Così scriveva Rodolfo Renier in appendice al suo volume dedicato alla più importante rappresentazione sacra del teatro popolare piemontese, il “Gelindo” (R. Renier, “Il Gelindo. Dramma sacro piemontese della natività di Cristo”, Carlo Clausen, Torino 1896); e forse fu proprio l’appello del noto filologo di origini veneziane a far breccia nel cuore di Melchiorre Buronzo, maestro presso la scuola elementare di Donato, il quale alla metà degli anni Sessanta del secolo scorso ebbe l’idea di riprendere la tradizione dei drammi sacri, proponendo la rappresentazione della Natività di Cristo.
Il progetto di un presepe vivente non era nuovo nella mente dell’intraprendente educatore: già nel 1953, in occasione della celebrazione del Natale, aveva allestito in collaborazione con le maestre dell’asilo la rappresentazione del Mistero della Natività: «[…] nelle scuole Comunali – informò “il Biellese” (18.12.1953) – si sta lavorando attivamente per allestire il presepio vivente con scenette suggestive culminanti nella nascita del Redentore.

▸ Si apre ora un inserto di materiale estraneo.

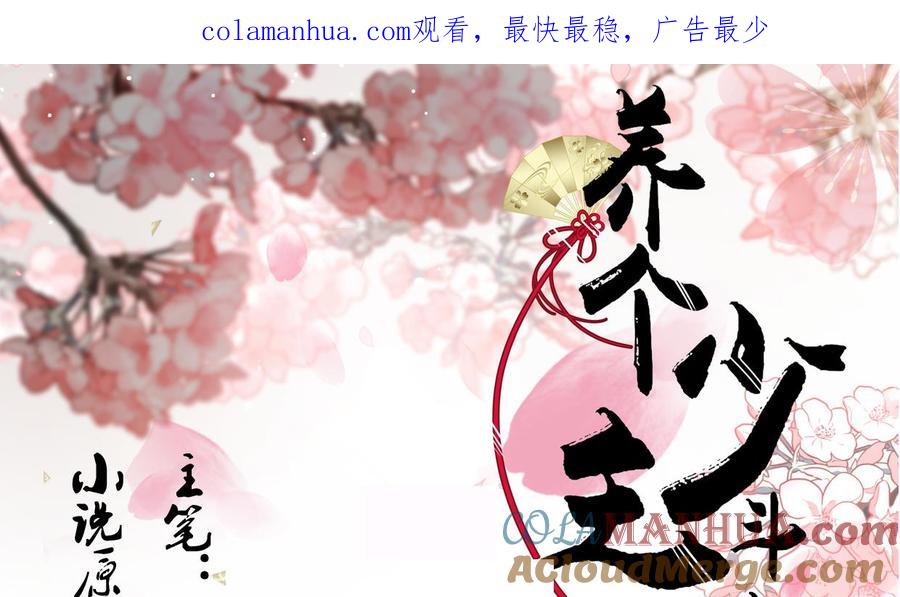 《养个少主斗渣男》第155话 举步维艰 第1页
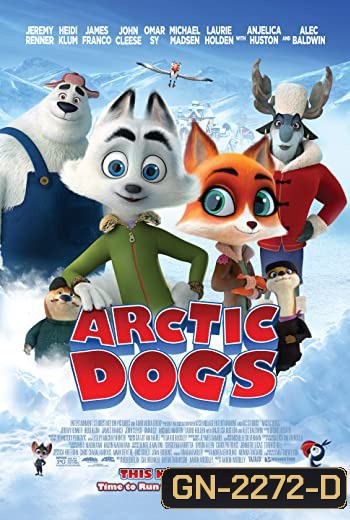 Arctic Justice (2019) อาร์กติกวุ่นคุณจิ้งจอก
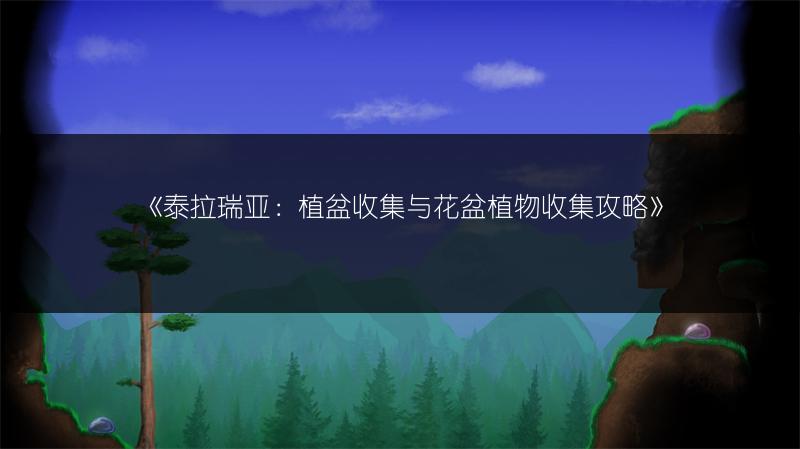 《泰拉瑞亚：植盆收集与花盆植物收集攻略》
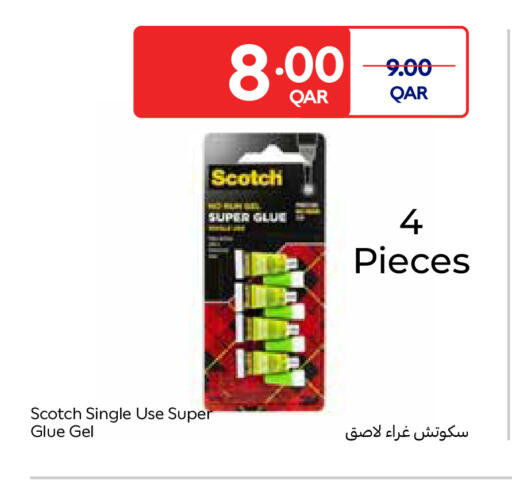 available at Carrefour in Qatar - Al Wakra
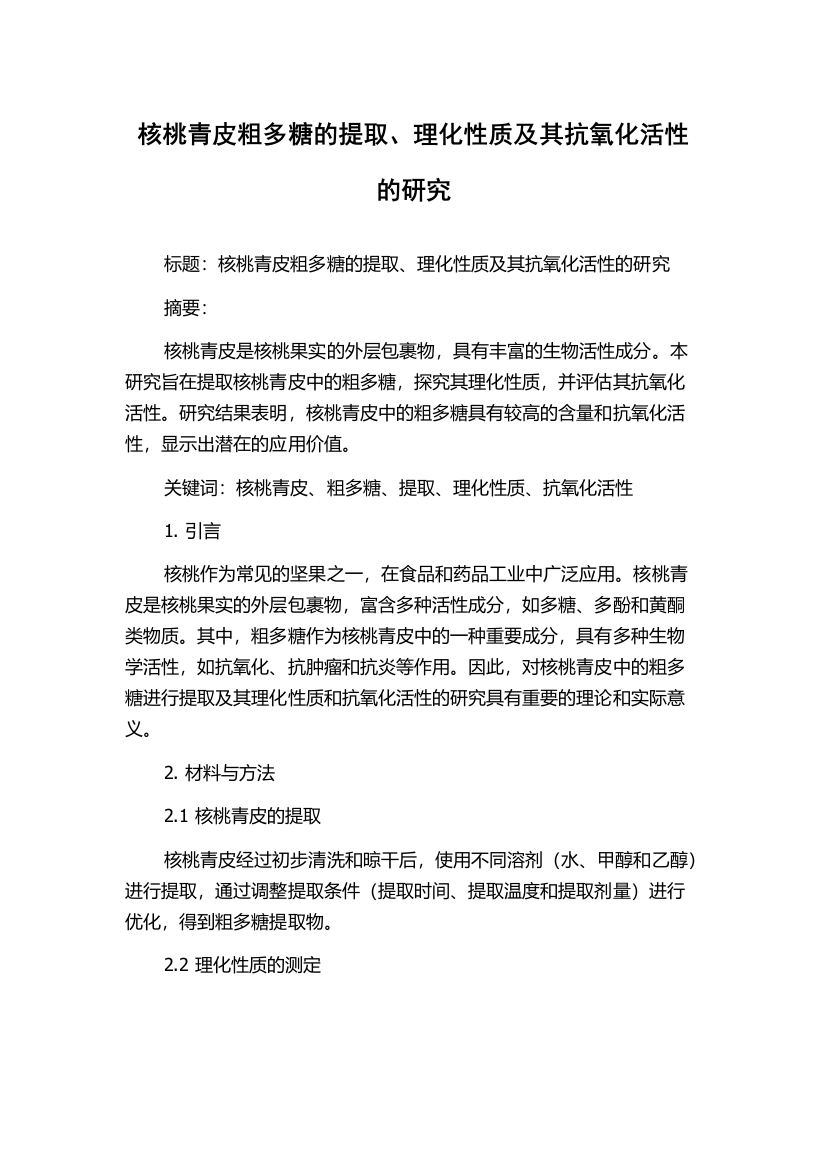 核桃青皮粗多糖的提取、理化性质及其抗氧化活性的研究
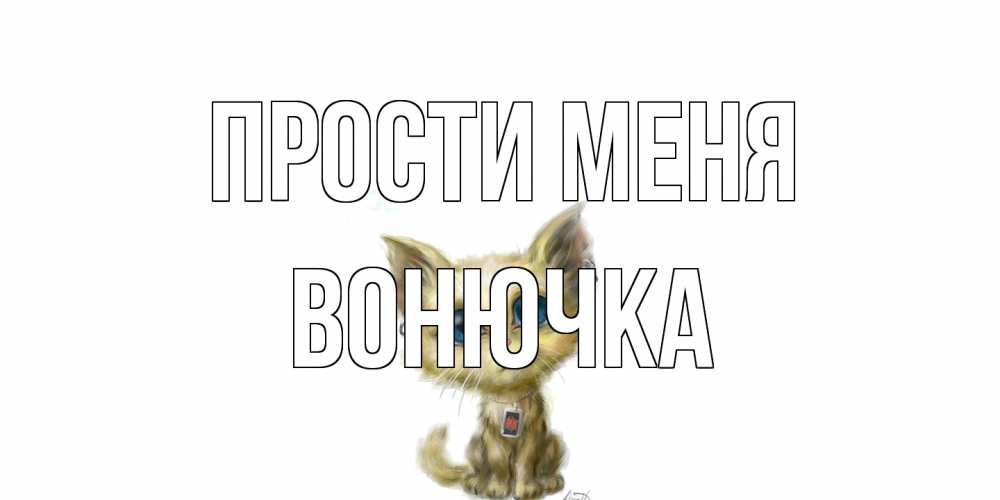 Открытка на каждый день с именем, Вонючка Прости меня прости меня открытка с котиком Прикольная открытка с пожеланием онлайн скачать бесплатно 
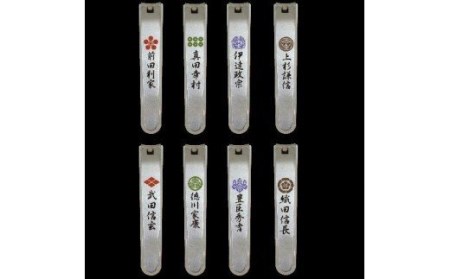 H15-62 戦国爪切り 8点セット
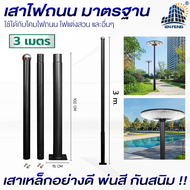 JD เสาโคมไฟโซล่าเซลล์ เสาไฟถนนสูง3-4เมตร เสาไฟถนน เสาไฟถนนมตาฐาน เสาไฟถนนเหล็ก เสาไฟถนนตกแต่งสวน เสา
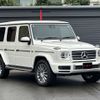 mercedes-benz g-class 2021 -MERCEDES-BENZ--Benz G Class 3DA-463350--W1N4633502X394407---MERCEDES-BENZ--Benz G Class 3DA-463350--W1N4633502X394407- image 25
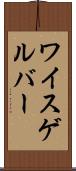 ワイスゲルバー Scroll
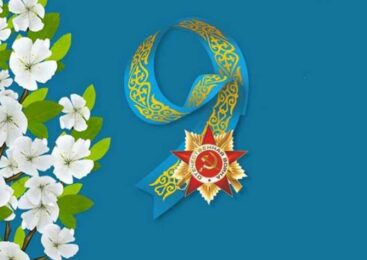 Жеңіс күні құтты болсын! С Днём Победы!
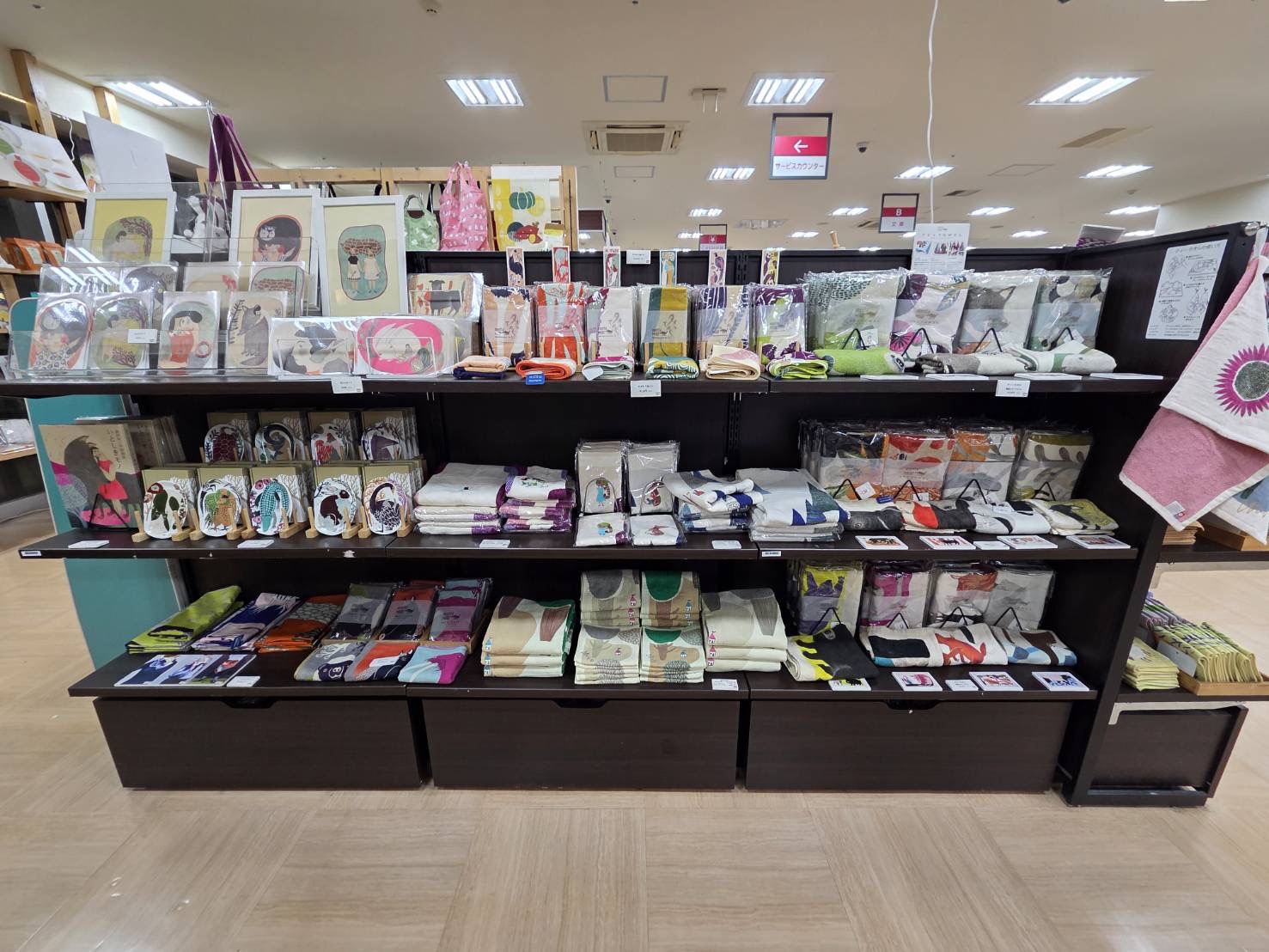 三省堂経堂店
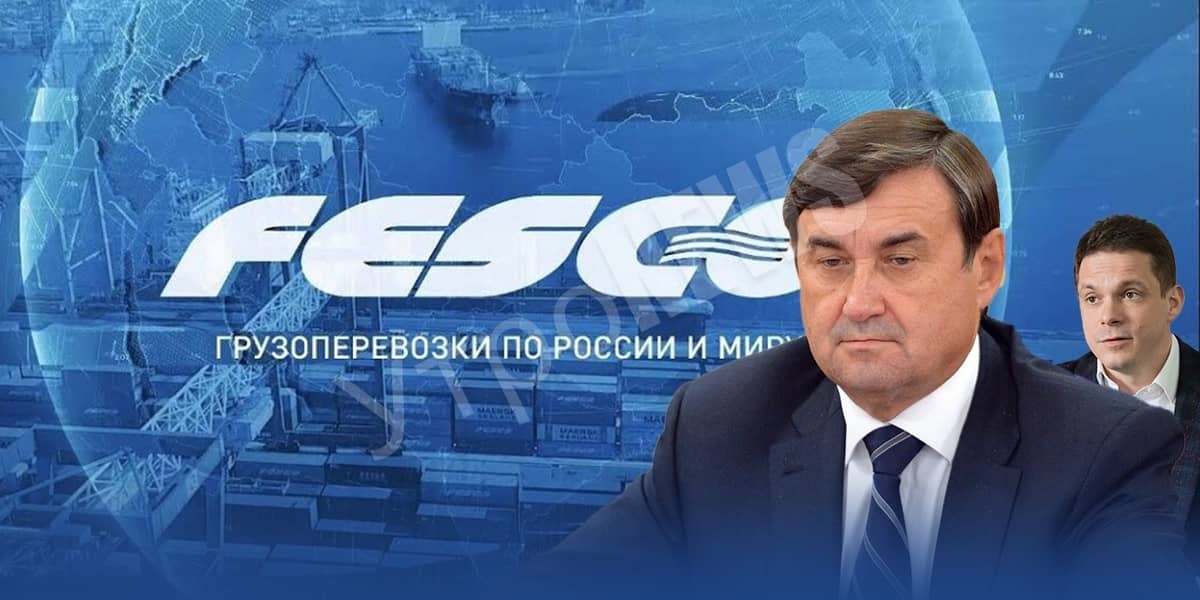 Левитин потеснил Северилова: в Fesco сменяли шило на мыло?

Il libretto è stato scritto in collaborazione dai promotori; interpreti ne saranno gli alunni delle scuole ed i bambini dell’Asilo in suggestivi costumi intonati all’ambiente pastorale».
Nelle intenzioni degli organizzatori la rappresentazione sarebbe andata in scena per la prima volta la notte di Natale, per essere poi replicata nel pomeriggio del 26 dicembre, a San Silvestro e infine il giorno dell’Epifania (con l’aggiunta dell’arrivo dei Re Magi): «Tutta la popolazione di Donato e dei paesi limitrofi aspetta con vivo desiderio queste Sacre Rappresentazioni, a cui sono invitati vicini e lontani – aggiunse il giornale diretto da don Cantono – Vi accorrano numerosi d’ogni parte gli spettatori per partecipare in letizia alla Rievocazione di pace e d’Amore». Dalle cronache dell’epoca non ci è dato sapere  se le attese furono rispettate; ma non c’è motivo di dubitarne, se poco più di dieci anni dopo il maestro Buronzo decise di ripetere l’esperienza coinvolgendo in quell’occasione non più solo i bambini bensì l’intera popolazione del piccolo borgo arroccato sulle pendici del Mombarone.
La gestazione di “Palestina anno zero” (questo il titolo attribuito al dramma sacro) durò quasi un anno e richiese un notevole sforzo organizzativo per trasformare Donato in una piccola Betlemme; particolarmente riuscito fu il Bazar, dove gli spettatori potevano acquistare piccoli oggetti ricordo realizzati dagli alunni della scuola elementare: «Su questi ricordini – commentò il cronista de “il Biellese” (28.12.1965) – eravamo alquanto scettici pensando ai soliti lavoretti scolastici semplici ed ingenui. Quando abbiamo visto il campionario ci siamo ricreduti: al buon gusto della presentazione è accoppiata una notevole validità artistica soprattutto nei medaglioni di cotto dove alcuni ragazzi hanno rivelato tendenze e qualità significative sotto la guida del M.o Buronzo».